§ The problem: Drop all images and give the records again exactly.
● ● ● ● ●
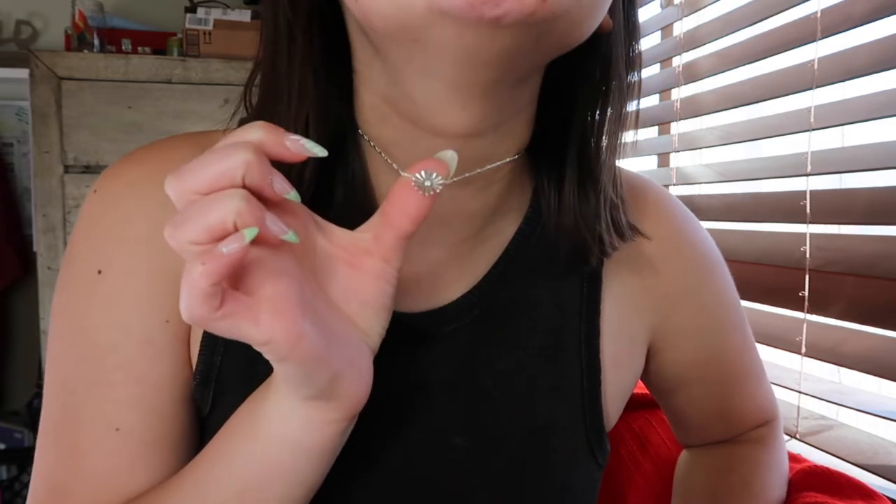Moving on to what my grandma got me — she forgot the card but I'll get that soon. I got this necklace. Daisies are my grandma's favorite — she had them at her wedding and has so much daisy jewelry. She wanted to get me something daisy for graduation, so she got me this daisy necklace. She also got me this little license plate keychain that says 'Class of 2022,' which is fun and cute. That's one of the keychains I need to put on my keys.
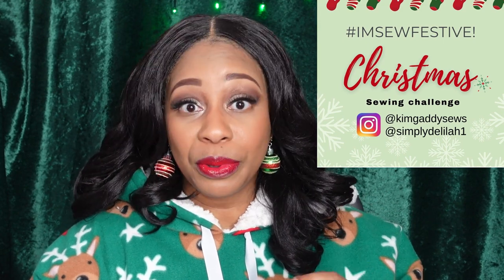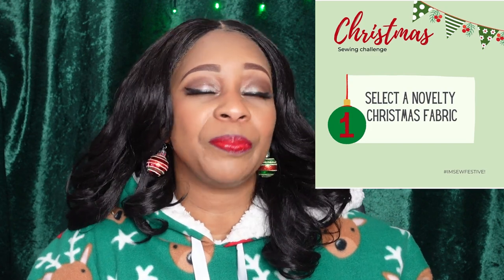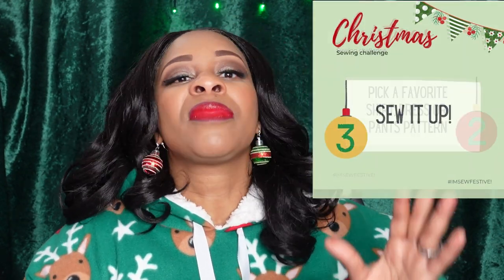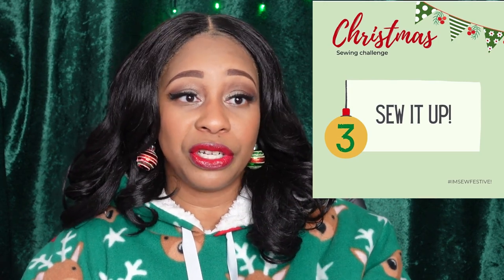This challenge began on November 10th and it runs through December 17th, which is actually tomorrow. To participate, all you had to do is sew something festive for yourself or someone else and then enter it into the challenge by tagging the host — Delilah or Kim — when you post your make. When you post your make you're automatically entered into the drawings, and they have a lot of drawings. If you think you can squeeze a last-minute project in, definitely try to participate by posting it on Instagram. I will link to the information videos in the description box below.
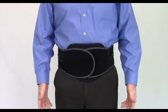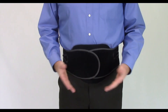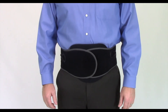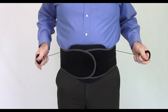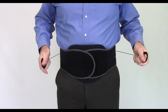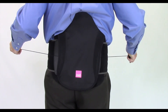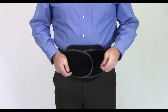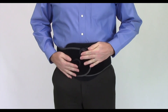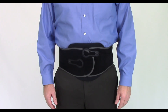If further size adjustment is necessary, remove the device and repeat the sizing instructions as necessary to ensure a proper fit. Now that the device is comfortably in place, you can adjust the support of the device by using the O-ring cinch straps. Independently pull the left and right O-rings to tighten the pulley cord frames as needed. Once the tension feels right, fasten the O-rings back onto the wrap panels. This will lock the frame in place. The O-rings can be adjusted anytime, as needed, for comfort and support.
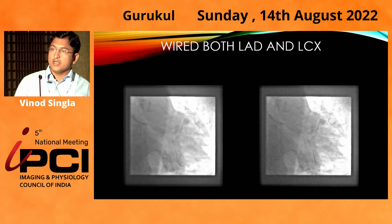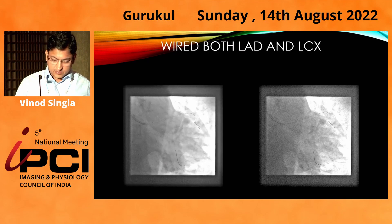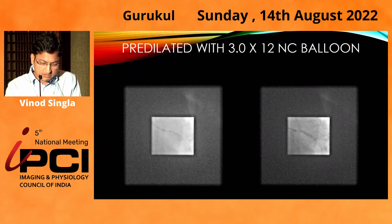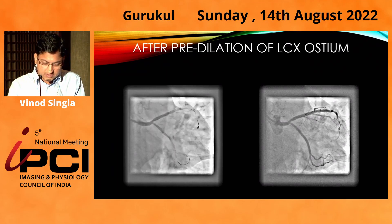My plan was to do imaging from the circumflex side. First, as the lesion was critical, I did a predilatation at LCX ostium with a 3.5 NC balloon (3x12 NC balloon). This was the result post-dilatation.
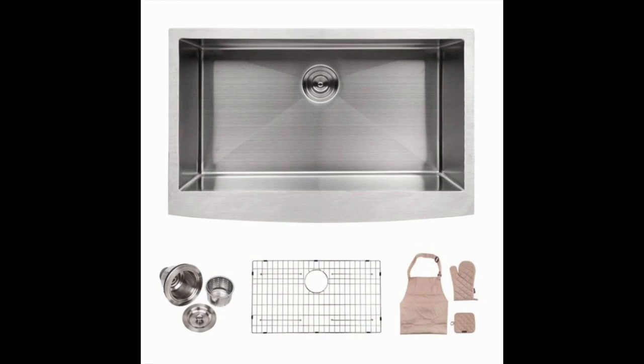Apron Front 33-Inch Stainless Steel Undermount Kitchen Sink by Lordear. If you're looking for the best stainless steel farmhouse sink for the money, then be sure to take a look at the Lordear Apron Front 33-Inch Stainless Steel Undermount Kitchen Sink.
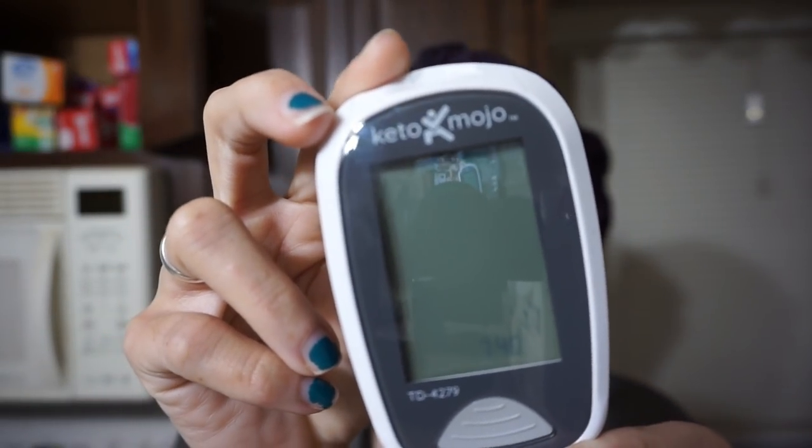I use this machine right here called the Keto Mojo. It is a ketone and blood glucose monitor. I think that if it's in your budget this is a great tool to have. I bought like 50 ketone strips and 50 glucose strips and it was like $150 — not cheap at all, but definitely an investment you can use over time. Still think it's worth it. Once again, you don't have to have this at all. You don't ever have to test your ketones or glucose. As long as you're eating under 20 grams of carbs you're doing it right. But I'm just gonna test to see where I am today.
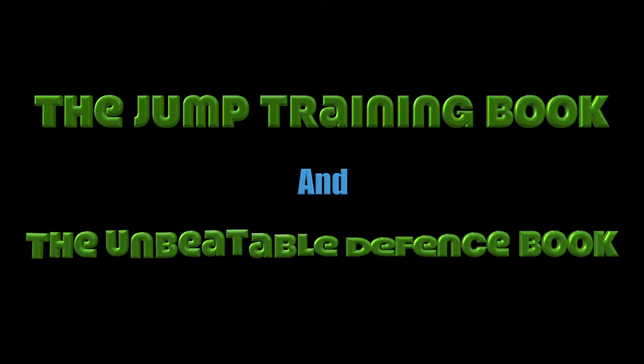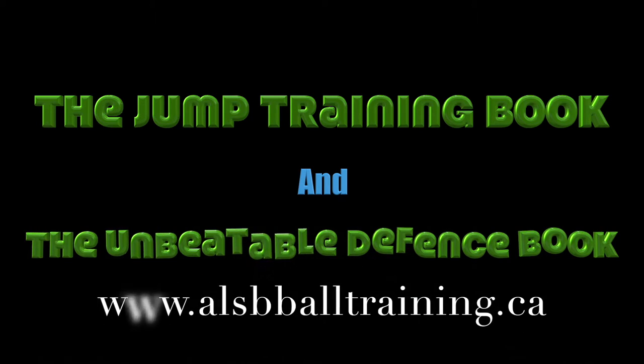Check out our jump training book as well as our basketball unbeatable defense book. They all start under $10.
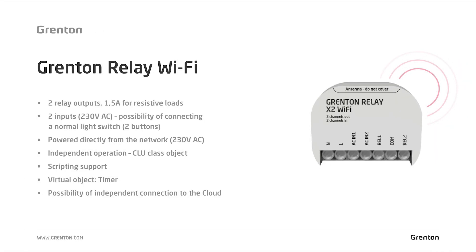The relay module has two relay outputs with a load of 1.5 amps for resistance type loads. It can be used to connect two independent lighting circuits. It also features two potential inputs to which you can directly connect a double lighting switch. Similar to the Grenton smart panel Wi-Fi, the device is powered directly from the AC 230-volt mains.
● ● ● ● ●
§ Answer for this exercise:
Moving on to what my grandma got me — she forgot the card but I'll get that soon. I got this necklace. Daisies are my grandma's favorite — she had them at her wedding and has so much daisy jewelry. She wanted to get me something daisy for graduation, so she got me this daisy necklace. She also got me this little license plate keychain that says 'Class of 2022,' which is fun and cute. That's one of the keychains I need to put on my keys.
This challenge began on November 10th and it runs through December 17th, which is actually tomorrow. To participate, all you had to do is sew something festive for yourself or someone else and then enter it into the challenge by tagging the host — Delilah or Kim — when you post your make. When you post your make you're automatically entered into the drawings, and they have a lot of drawings. If you think you can squeeze a last-minute project in, definitely try to participate by posting it on Instagram. I will link to the information videos in the description box below.
If further size adjustment is necessary, remove the device and repeat the sizing instructions as necessary to ensure a proper fit. Now that the device is comfortably in place, you can adjust the support of the device by using the O-ring cinch straps. Independently pull the left and right O-rings to tighten the pulley cord frames as needed. Once the tension feels right, fasten the O-rings back onto the wrap panels. This will lock the frame in place. The O-rings can be adjusted anytime, as needed, for comfort and support.
My plan was to do imaging from the circumflex side. First, as the lesion was critical, I did a predilatation at LCX ostium with a 3.5 NC balloon (3x12 NC balloon). This was the result post-dilatation.
Apron Front 33-Inch Stainless Steel Undermount Kitchen Sink by Lordear. If you're looking for the best stainless steel farmhouse sink for the money, then be sure to take a look at the Lordear Apron Front 33-Inch Stainless Steel Undermount Kitchen Sink.
I use this machine right here called the Keto Mojo. It is a ketone and blood glucose monitor. I think that if it's in your budget this is a great tool to have. I bought like 50 ketone strips and 50 glucose strips and it was like $150 — not cheap at all, but definitely an investment you can use over time. Still think it's worth it. Once again, you don't have to have this at all. You don't ever have to test your ketones or glucose. As long as you're eating under 20 grams of carbs you're doing it right. But I'm just gonna test to see where I am today.
Check out our jump training book as well as our basketball unbeatable defense book. They all start under $10.
The relay module has two relay outputs with a load of 1.5 amps for resistance type loads. It can be used to connect two independent lighting circuits. It also features two potential inputs to which you can directly connect a double lighting switch. Similar to the Grenton smart panel Wi-Fi, the device is powered directly from the AC 230-volt mains.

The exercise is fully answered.